(Available data begins)
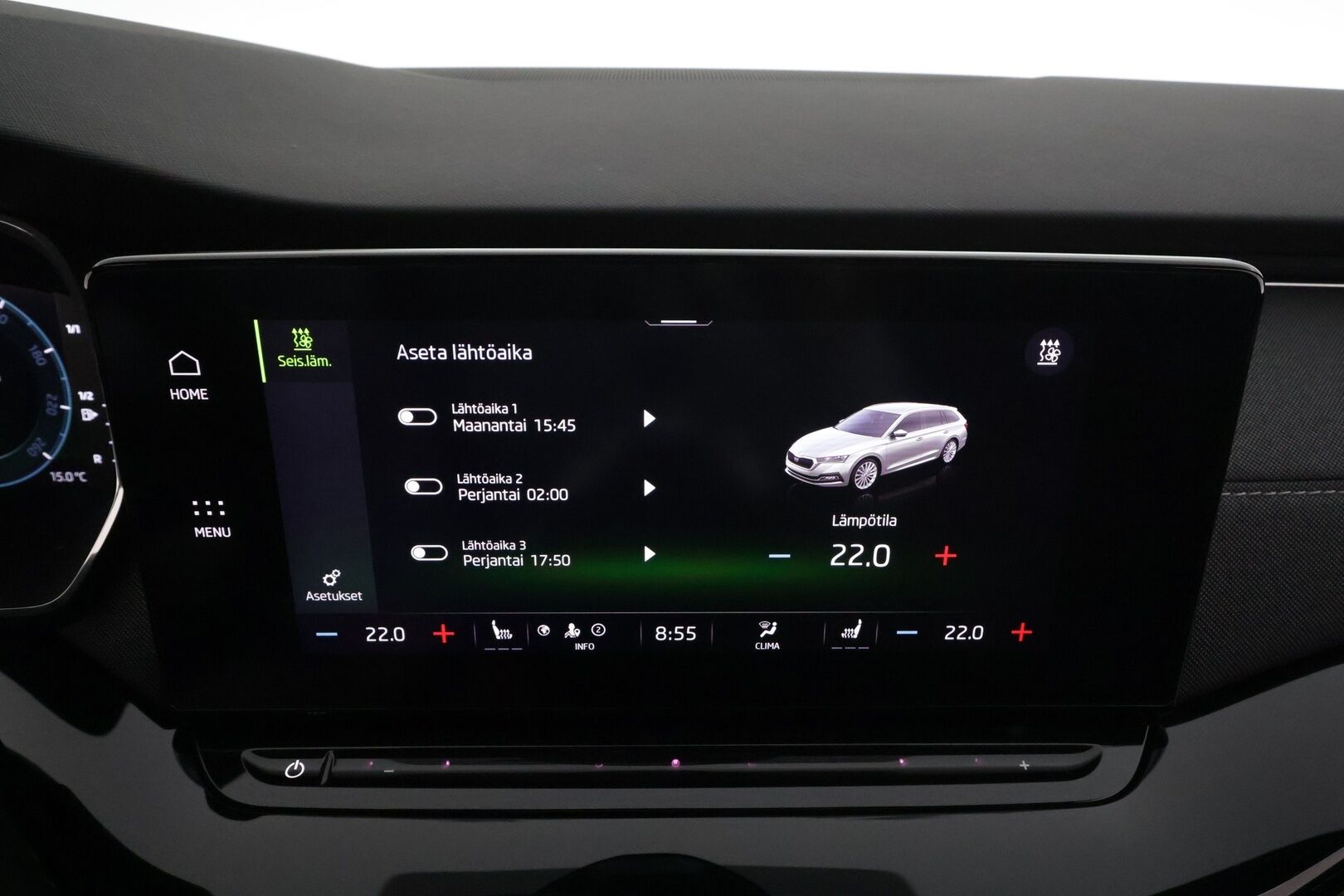 Skoda Octavia 2022 Combi 1.5 TSI Style eTEC DSG * ACC / Webasto / Matrix-LED /  P.Kamera / Smartlink / Keyless * - 1.Om Suomi-auto / Kahdet renkaat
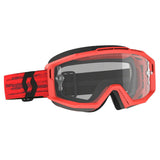 SCOTT Split OTG Goggle - dark red | clear lens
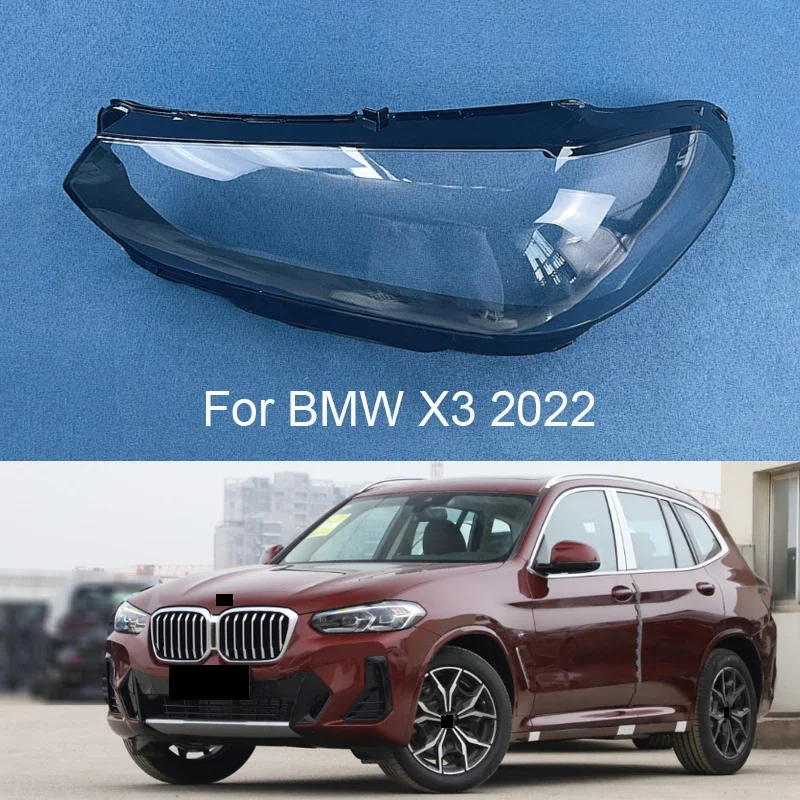 

Car Front Headlight Cover For BMW X3 G01 G08 2022 Headlamps Lens Glass Shell Masks Transparent Lampshade Shade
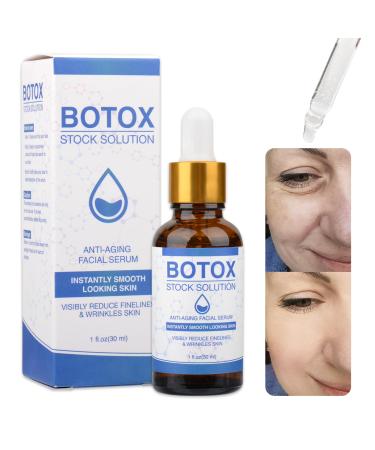 Botox Face Serum Botox Stock Solution Facial Serum with Vitamin C & E 1 PCS Botox in a Bottle for Anti Aging Instant Face Tightening Reduces Wrinkles & Fine Lines. 1PCS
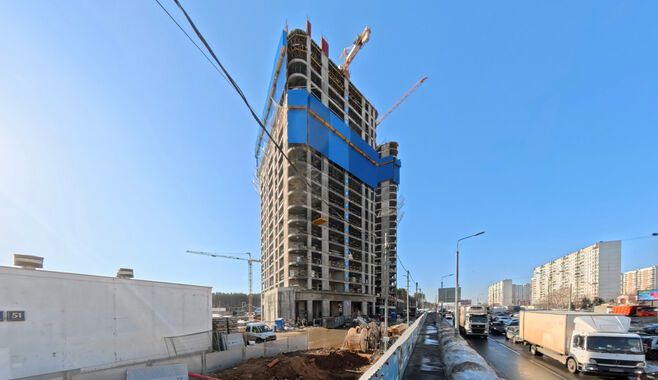 Панорама проекта «Родина Переделкино» в районе Ново-Переделкино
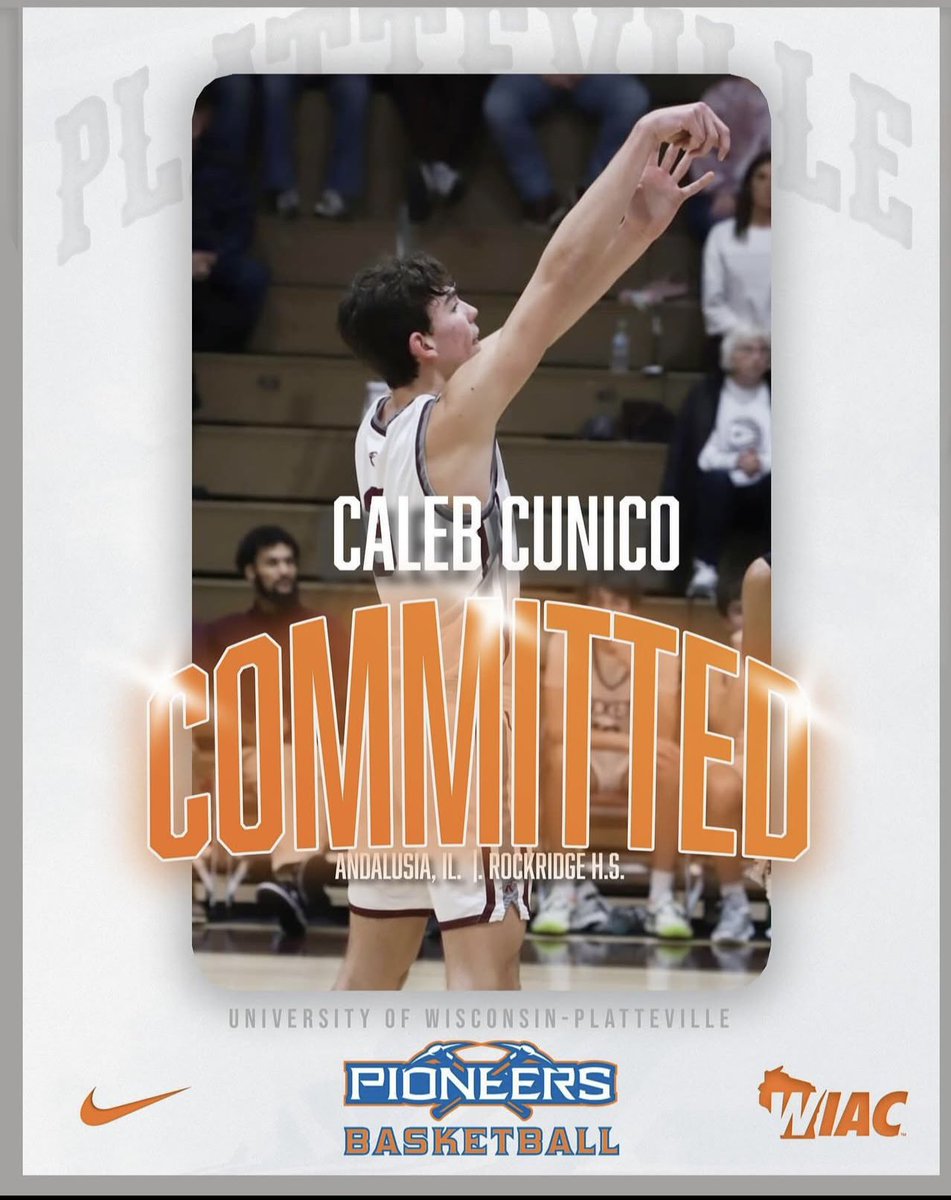 Quad City Shockers (@qcshockers) on Twitter photo Congrats to 2025 Wing <a href="/caleb_cunico/">Caleb Cunico</a> on his commitment to <a href="/UWPlattMBB/">UW-Platteville Men’s Basketball</a> !!! An extraordinary worker off the court! Caleb will play at a high level on the D3 platform!! We’re proud of you Caleb! ⚡️⚡️⚡️ <a href="/PRO16League/">PRO16/NXTPRO League</a> Congrats to 2025 Wing <a href="/caleb_cunico/">Caleb Cunico</a> on his commitment to <a href="/UWPlattMBB/">UW-Platteville Men’s Basketball</a> !!! An extraordinary worker off the court! Caleb will play at a high level on the D3 platform!! We’re proud of you Caleb! ⚡️⚡️⚡️ <a href="/PRO16League/">PRO16/NXTPRO League</a>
(Available data ends)
Work to complete: Write out all of the records above. Keep them exact and leave out the pictures.

Output of the exercise:
 Skoda Octavia 2022 Combi 1.5 TSI Style eTEC DSG * ACC / Webasto / Matrix-LED /  P.Kamera / Smartlink / Keyless * - 1.Om Suomi-auto / Kahdet renkaat
 SCOTT Split OTG Goggle - dark red | clear lens

Car Front Headlight Cover For BMW X3 G01 G08 2022 Headlamps Lens Glass Shell Masks Transparent Lampshade Shade
 Botox Face Serum Botox Stock Solution Facial Serum with Vitamin C & E 1 PCS Botox in a Bottle for Anti Aging Instant Face Tightening Reduces Wrinkles & Fine Lines. 1PCS
 Панорама проекта «Родина Переделкино» в районе Ново-Переделкино
 Quad City Shockers (@qcshockers) on Twitter photo Congrats to 2025 Wing <a href="/caleb_cunico/">Caleb Cunico</a> on his commitment to <a href="/UWPlattMBB/">UW-Platteville Men’s Basketball</a> !!! An extraordinary worker off the court! Caleb will play at a high level on the D3 platform!! We’re proud of you Caleb! ⚡️⚡️⚡️ <a href="/PRO16League/">PRO16/NXTPRO League</a> Congrats to 2025 Wing <a href="/caleb_cunico/">Caleb Cunico</a> on his commitment to <a href="/UWPlattMBB/">UW-Platteville Men’s Basketball</a> !!! An extraordinary worker off the court! Caleb will play at a high level on the D3 platform!! We’re proud of you Caleb! ⚡️⚡️⚡️ <a href="/PRO16League/">PRO16/NXTPRO League</a>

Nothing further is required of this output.